Riyadh: The Initial Public Offering (IPO) of PetroRabigh Refining and Petrochemical Company opened yesterday with 219 million shares, or 25 per cent of the company's total shares, worth 4.6 billion Saudi riyals available for subscription.

The share price has been fixed 21 Saudi riyals, representing 10 riyals par value and 11 riyals premium.

PetroRabigh is a joint venture between Saudi Aramco and Sumitomo Chemical of Japan.

Saeed Bin Fahd Al Dosary, PetroRabigh president and CEO, said, "The company is keen to enhance the efficiency of its business in a way that guarantees long-term profits. This IPO provides Saudi investors with a great opportunity to take part directly in pushing forward the sustainable economic development cycle and diversification of investments in the kingdom.

"The PetroRabigh complex is one of the largest refining and petrochemicals manufacturing projects in the world. It benefits from the acquisition of stable and long-term raw materials with low costs.
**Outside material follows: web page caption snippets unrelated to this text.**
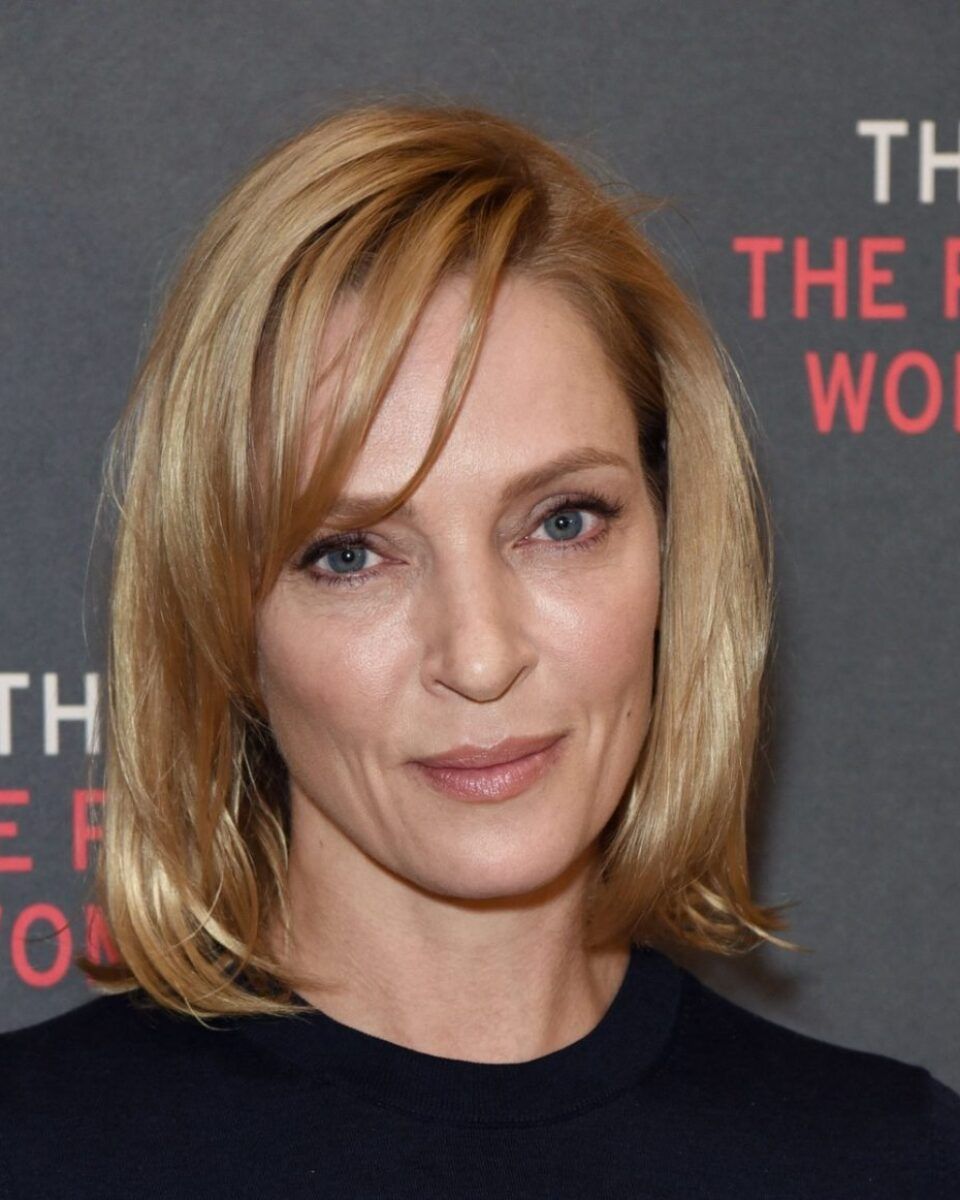 Znate li što je karboksiterapija? Tretman koji rješava bore, opuštenu kožu, strije, masne naslage, podočnjake…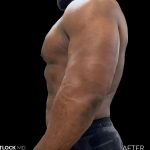 High Def Liposuction Male Before & After Patient #2731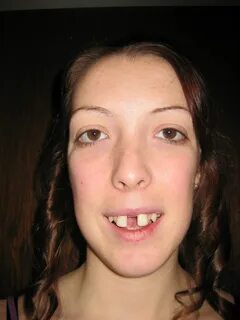 mskirby-sarpe / Facial and braces pics.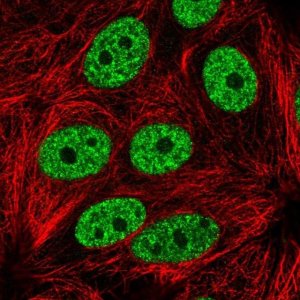 Anti-YLPM1 antibody produced in rabbit HPA061123-100UL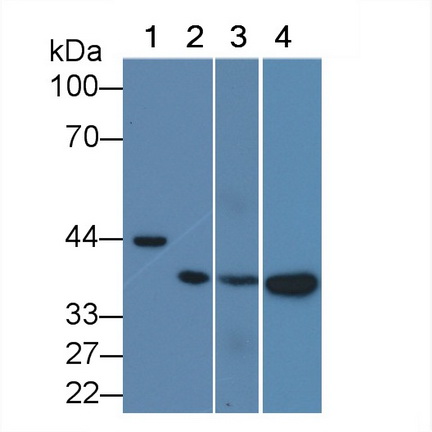Monoclonal Antibody to TATA Binding Protein (TBP)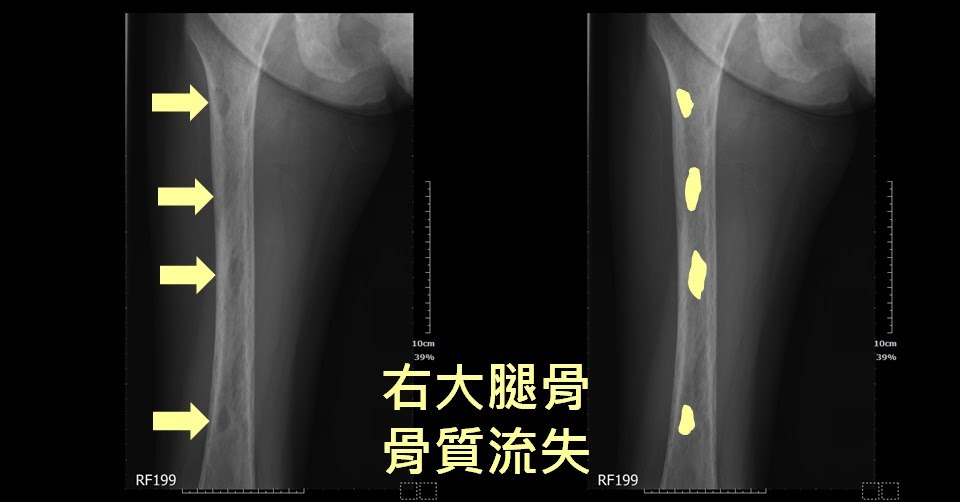 右大腿骨 X 光的兩張對照影像，左圖以箭頭指出骨皮質變薄與骨質流失的位置，右圖以標記標出同樣的病灶範圍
It is also strategically located."

Tcheky Sumitomo, CEO for finance and member of the PetroRabigh board said that PetroRabigh represents a new generation of Saudi companies as it possesses ambitious global vision supported by long experience.

HSBC, the IPO's financial adviser, said that 50 per cent of the shares will be allocated to Saudi individuals and the other 50 per cent to institutional investors.

It added that the com pany reserves the right to reduce the institutional allocation from 50 per cent to 25 per cent in the event that retail demand is sufficient and upon approval of the Saudi Capital Market Authority (CMA).

"Shares worth a maximum of 37.5 million riyals shares will be allocated to Petro Rabigh employees," said Timothy Gary, CEO of HSBC.

He pointed out that the allocation to retail subscribers will be performed in two stages.

In the first stage, each subscriber will receive a minimum of 10 shares.

During the second stage, each subscriber for 50 shares or less will receive the full allocation of the application, provided that the total shares allocated do not exceed total shares offered to retail subscribers.